1. — Pois, o homem não pode exercer a justiça para com os seres irracionais. Ora, às vezes o homem se encoleriza contra seres irracionais; assim, quando um escritor, irado, arroja a pena ou o cavaleiro açoita o cavalo. Logo, a ira não tem por objeto somente os seres susceptíveis de receber a justiça.
2. Demais — Não há justiça do homem para consigo mesmo nem para com tais coisas que a ele próprio lhe dizem justiça, como diz o Filósofo. Ora, às vezes o homem se encoleriza contra si mesmo; assim o penitente, por causa do pecado, donde o dizer a Escritura (Sl 4, 5): Irai-vos e não queirais pecar. Logo, a ira não tem como objeto somente os seres susceptíveis de receberem a justiça.

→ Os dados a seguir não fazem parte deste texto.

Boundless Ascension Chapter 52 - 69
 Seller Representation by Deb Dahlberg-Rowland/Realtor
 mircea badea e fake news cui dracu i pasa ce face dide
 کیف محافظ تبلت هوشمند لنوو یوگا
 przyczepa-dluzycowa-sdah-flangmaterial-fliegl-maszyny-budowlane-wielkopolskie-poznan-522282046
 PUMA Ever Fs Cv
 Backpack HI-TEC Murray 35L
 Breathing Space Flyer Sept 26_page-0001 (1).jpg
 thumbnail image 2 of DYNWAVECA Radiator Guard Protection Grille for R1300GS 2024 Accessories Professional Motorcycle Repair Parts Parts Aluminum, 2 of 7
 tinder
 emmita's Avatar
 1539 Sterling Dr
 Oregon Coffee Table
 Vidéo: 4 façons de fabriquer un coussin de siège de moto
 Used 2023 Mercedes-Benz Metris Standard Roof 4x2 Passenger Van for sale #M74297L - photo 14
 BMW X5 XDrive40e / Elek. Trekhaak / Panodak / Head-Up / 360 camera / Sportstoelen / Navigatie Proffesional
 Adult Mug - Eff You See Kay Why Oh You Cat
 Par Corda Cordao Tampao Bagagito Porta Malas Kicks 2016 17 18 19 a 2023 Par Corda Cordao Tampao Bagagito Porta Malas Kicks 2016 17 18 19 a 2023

3. Demais — Podemos praticar a justiça e a injustiça para com toda uma classe de pessoas ou toda uma comunidade; p. ex., quando uma cidade lesa a alguém. Ora, a ira não recai sobre nenhuma classe de pessoas, mas só sobre um indivíduo singular, como diz o Filósofo. Logo, a ira não tem como objeto próprio aqueles somente que são susceptíveis de justiça ou injustiça.
Mas o contrário se pode conclui do que diz o Filósofo.
Solução. — Como já dissemos, a ira busca o mal na medida em que este exerce a função de justiça vindicativa. Por onde a ira é relativa aos mesmos a que o é a justiça e a injustiça. Pois, é próprio da justiça exercer a vingança; e lesar a outrem é o constitutivo da injustiça. Assim, tanto pela causa, que é a lesão praticada por outrem, como também por parte da vindicta a tirar dele, o que visa o irado, é manifesto que a ira tem o mesmo objeto que a justiça e a injustiça.
Donde a resposta à primeira objeção. — Como já se disse, a ira, embora seja acompanhada da razão pode porém existir também nos brutos, carecentes de razão, enquanto movidos por um instinto natural mediante a imaginação à prática de atos semelhantes aos atos racionais. Assim pois, tendo o homem razão e imaginação, de dois modos pode nele nascer o movimento da ira. — Primeiro, quando só a imaginação denuncia a lesão. E assim algum movimento de ira nasce mesmo contra seres irracionais e inanimados, à semelhança do movimento originado nos animais contra tudo o que lhes seja nocivo. — De outro modo, quando a razão é a que denuncia a lesão. E assim, como diz o Filósofo, de nenhum modo pode se exercer a ira contra seres insensíveis nem contra os mortos; quer por não sentirem, qualidade que sobretudo supõe os irados naqueles contra quem se encolerizam; quer também por não ser possível exercer contra eles a vindicta, pois não podem cometer nenhuma injúria.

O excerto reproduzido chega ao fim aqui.